Look below for the line containing "5th image of 496 Elmwood Ave APT 10" and the line containing "2 x Firestone 480-70-R28 tyres"; repeat exactly those two lines and all lines between them, and nothing else.

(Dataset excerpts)
§

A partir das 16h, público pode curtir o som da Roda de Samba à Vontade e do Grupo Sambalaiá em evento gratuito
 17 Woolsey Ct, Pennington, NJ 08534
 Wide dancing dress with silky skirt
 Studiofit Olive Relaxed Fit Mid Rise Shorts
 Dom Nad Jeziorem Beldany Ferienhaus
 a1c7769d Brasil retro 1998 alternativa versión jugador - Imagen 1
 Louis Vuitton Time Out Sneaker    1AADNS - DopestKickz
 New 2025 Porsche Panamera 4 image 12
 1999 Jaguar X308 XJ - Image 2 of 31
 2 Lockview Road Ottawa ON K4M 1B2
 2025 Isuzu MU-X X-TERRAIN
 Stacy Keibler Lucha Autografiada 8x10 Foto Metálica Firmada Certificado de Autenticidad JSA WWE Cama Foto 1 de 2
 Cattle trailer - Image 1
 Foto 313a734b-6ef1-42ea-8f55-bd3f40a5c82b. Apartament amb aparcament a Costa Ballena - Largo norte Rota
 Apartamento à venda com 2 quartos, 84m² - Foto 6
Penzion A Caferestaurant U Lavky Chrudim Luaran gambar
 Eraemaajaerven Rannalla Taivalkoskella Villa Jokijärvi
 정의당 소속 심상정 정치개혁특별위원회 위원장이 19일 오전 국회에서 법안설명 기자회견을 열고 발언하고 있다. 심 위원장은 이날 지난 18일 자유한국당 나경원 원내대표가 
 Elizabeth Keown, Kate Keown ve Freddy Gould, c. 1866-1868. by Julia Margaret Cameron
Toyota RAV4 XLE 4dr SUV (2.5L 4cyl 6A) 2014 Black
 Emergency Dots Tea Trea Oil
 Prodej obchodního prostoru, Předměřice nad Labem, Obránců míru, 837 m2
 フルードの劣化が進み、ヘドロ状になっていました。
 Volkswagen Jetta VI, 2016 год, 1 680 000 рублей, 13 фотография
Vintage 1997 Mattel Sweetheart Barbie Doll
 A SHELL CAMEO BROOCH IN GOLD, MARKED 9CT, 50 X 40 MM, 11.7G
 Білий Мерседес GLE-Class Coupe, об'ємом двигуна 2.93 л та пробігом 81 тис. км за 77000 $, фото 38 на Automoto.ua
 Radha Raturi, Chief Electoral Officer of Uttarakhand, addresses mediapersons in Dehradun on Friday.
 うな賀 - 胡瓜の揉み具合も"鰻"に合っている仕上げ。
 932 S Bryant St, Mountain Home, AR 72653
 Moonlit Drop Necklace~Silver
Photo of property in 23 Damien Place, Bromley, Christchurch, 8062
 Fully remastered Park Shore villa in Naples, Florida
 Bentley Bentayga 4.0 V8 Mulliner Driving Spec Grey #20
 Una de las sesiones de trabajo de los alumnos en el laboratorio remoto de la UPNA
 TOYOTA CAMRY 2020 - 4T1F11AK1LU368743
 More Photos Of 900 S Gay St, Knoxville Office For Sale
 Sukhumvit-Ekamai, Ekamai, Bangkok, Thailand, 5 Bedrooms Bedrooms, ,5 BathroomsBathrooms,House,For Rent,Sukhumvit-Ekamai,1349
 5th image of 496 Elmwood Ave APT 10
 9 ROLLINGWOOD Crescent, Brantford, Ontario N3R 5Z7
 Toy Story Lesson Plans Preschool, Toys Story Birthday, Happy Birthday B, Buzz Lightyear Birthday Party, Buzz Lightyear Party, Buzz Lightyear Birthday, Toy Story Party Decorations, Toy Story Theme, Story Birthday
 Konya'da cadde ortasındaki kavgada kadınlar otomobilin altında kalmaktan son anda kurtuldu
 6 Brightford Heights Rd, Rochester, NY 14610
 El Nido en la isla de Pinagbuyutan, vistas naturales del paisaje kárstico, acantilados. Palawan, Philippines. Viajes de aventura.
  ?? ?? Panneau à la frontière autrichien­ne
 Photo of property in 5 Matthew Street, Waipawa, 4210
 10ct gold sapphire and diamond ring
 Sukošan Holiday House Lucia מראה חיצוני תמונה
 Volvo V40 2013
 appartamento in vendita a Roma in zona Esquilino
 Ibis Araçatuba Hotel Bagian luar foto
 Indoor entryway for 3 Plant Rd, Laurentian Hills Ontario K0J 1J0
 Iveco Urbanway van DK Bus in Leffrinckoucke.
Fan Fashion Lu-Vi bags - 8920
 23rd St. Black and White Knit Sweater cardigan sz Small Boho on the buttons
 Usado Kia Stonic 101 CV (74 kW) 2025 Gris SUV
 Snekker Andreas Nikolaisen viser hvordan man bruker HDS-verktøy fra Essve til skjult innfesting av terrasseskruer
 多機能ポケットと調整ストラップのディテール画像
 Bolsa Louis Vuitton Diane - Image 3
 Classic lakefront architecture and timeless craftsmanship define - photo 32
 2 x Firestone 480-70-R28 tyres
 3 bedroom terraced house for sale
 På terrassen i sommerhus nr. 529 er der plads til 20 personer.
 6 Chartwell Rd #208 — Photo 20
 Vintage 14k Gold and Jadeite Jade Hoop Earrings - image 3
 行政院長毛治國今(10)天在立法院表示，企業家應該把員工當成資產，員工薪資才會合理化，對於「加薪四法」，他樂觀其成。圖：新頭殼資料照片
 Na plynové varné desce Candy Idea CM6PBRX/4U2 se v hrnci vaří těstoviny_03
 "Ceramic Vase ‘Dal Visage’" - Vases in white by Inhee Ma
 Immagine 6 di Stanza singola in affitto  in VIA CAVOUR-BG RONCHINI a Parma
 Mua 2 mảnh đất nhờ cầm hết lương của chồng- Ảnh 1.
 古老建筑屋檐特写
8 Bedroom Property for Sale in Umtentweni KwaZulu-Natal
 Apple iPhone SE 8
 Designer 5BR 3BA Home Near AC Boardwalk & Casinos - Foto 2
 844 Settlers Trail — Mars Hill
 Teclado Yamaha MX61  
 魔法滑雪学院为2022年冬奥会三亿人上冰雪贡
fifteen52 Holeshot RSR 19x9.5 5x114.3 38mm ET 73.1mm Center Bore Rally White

§

### [SOLUTION TO THIS EXERCISE]
 5th image of 496 Elmwood Ave APT 10
 9 ROLLINGWOOD Crescent, Brantford, Ontario N3R 5Z7
 Toy Story Lesson Plans Preschool, Toys Story Birthday, Happy Birthday B, Buzz Lightyear Birthday Party, Buzz Lightyear Party, Buzz Lightyear Birthday, Toy Story Party Decorations, Toy Story Theme, Story Birthday
 Konya'da cadde ortasındaki kavgada kadınlar otomobilin altında kalmaktan son anda kurtuldu
 6 Brightford Heights Rd, Rochester, NY 14610
 El Nido en la isla de Pinagbuyutan, vistas naturales del paisaje kárstico, acantilados. Palawan, Philippines. Viajes de aventura.
  ?? ?? Panneau à la frontière autrichien­ne
 Photo of property in 5 Matthew Street, Waipawa, 4210
 10ct gold sapphire and diamond ring
 Sukošan Holiday House Lucia מראה חיצוני תמונה
 Volvo V40 2013
 appartamento in vendita a Roma in zona Esquilino
 Ibis Araçatuba Hotel Bagian luar foto
 Indoor entryway for 3 Plant Rd, Laurentian Hills Ontario K0J 1J0
 Iveco Urbanway van DK Bus in Leffrinckoucke.
Fan Fashion Lu-Vi bags - 8920
 23rd St. Black and White Knit Sweater cardigan sz Small Boho on the buttons
 Usado Kia Stonic 101 CV (74 kW) 2025 Gris SUV
 Snekker Andreas Nikolaisen viser hvordan man bruker HDS-verktøy fra Essve til skjult innfesting av terrasseskruer
 多機能ポケットと調整ストラップのディテール画像
 Bolsa Louis Vuitton Diane - Image 3
 Classic lakefront architecture and timeless craftsmanship define - photo 32
 2 x Firestone 480-70-R28 tyres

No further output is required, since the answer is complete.